**Input**:
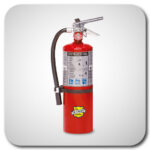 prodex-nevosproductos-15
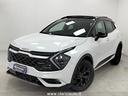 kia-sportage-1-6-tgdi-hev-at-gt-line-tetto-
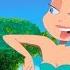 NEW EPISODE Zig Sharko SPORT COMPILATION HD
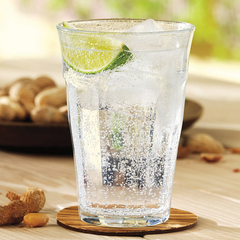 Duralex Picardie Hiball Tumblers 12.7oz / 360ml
---
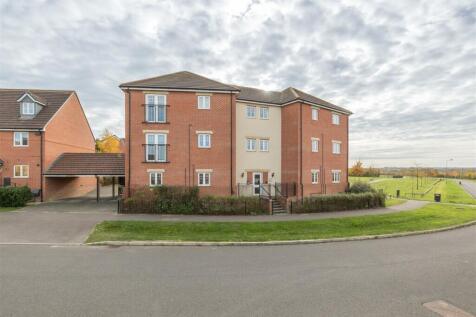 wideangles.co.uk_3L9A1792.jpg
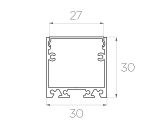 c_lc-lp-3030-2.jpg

**Your instructions**: Leaving out the pictures, please output the lines in the entries above from the one with "prodex-nevosproductos-15" through the one with "Duralex Picardie Hiball", exactly as they are.

**Exercise answer**:
 prodex-nevosproductos-15
 kia-sportage-1-6-tgdi-hev-at-gt-line-tetto-
 NEW EPISODE Zig Sharko SPORT COMPILATION HD
 Duralex Picardie Hiball Tumblers 12.7oz / 360ml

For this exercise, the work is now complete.